Predicting Species Occurrence Patterns from Partial Observations
Hager Radi Abdelwahed, Mélisande Teng, David Rolnick
TL;DR
The paper tackles predicting species encounter patterns from satellite imagery when observational data are partial, introducing SatButterfly and a cross-taxon framework to transfer knowledge from data-rich taxa to data-scarce ones. It presents R-Tran, a regression transformer that fuses image features with partial species information via target and state embeddings, trained with masked labels and applicable in flexible inference scenarios. Empirical results show R-Tran outperforms baselines in both within-taxon and cross-taxon tasks, highlighting the value of leveraging cross-taxon relationships to improve biodiversity monitoring.
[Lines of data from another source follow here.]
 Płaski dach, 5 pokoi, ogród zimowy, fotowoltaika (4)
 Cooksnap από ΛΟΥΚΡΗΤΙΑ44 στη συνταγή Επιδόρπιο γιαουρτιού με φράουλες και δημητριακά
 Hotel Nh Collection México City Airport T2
The work advances practical ecological modeling by enabling joint predictions across taxa using citizen-science data and remote sensing, with potential extensions to presence-only datasets like iNaturalist.
Abstract
To address the interlinked biodiversity and climate crises, we need an understanding of where species occur and how these patterns are changing. However, observational data on most species remains very limited, and the amount of data available varies greatly between taxonomic groups. We introduce the problem of predicting species occurrence patterns given (a) satellite imagery, and (b) known information on the occurrence of other species. To evaluate algorithms on this task, we introduce SatButterfly, a dataset of satellite images, environmental data and observational data for butterflies, which is designed to pair with the existing SatBird dataset of bird observational data. To address this task, we propose a general model, R-Tran, for predicting species occurrence patterns that enables the use of partial observational data wherever found. We find that R-Tran outperforms other methods in predicting species encounter rates with partial information both within a taxon (birds) and across taxa (birds and butterflies). Our approach opens new perspectives to leveraging insights from species with abundant data to other species with scarce data, by modelling the ecosystems in which they co-occur.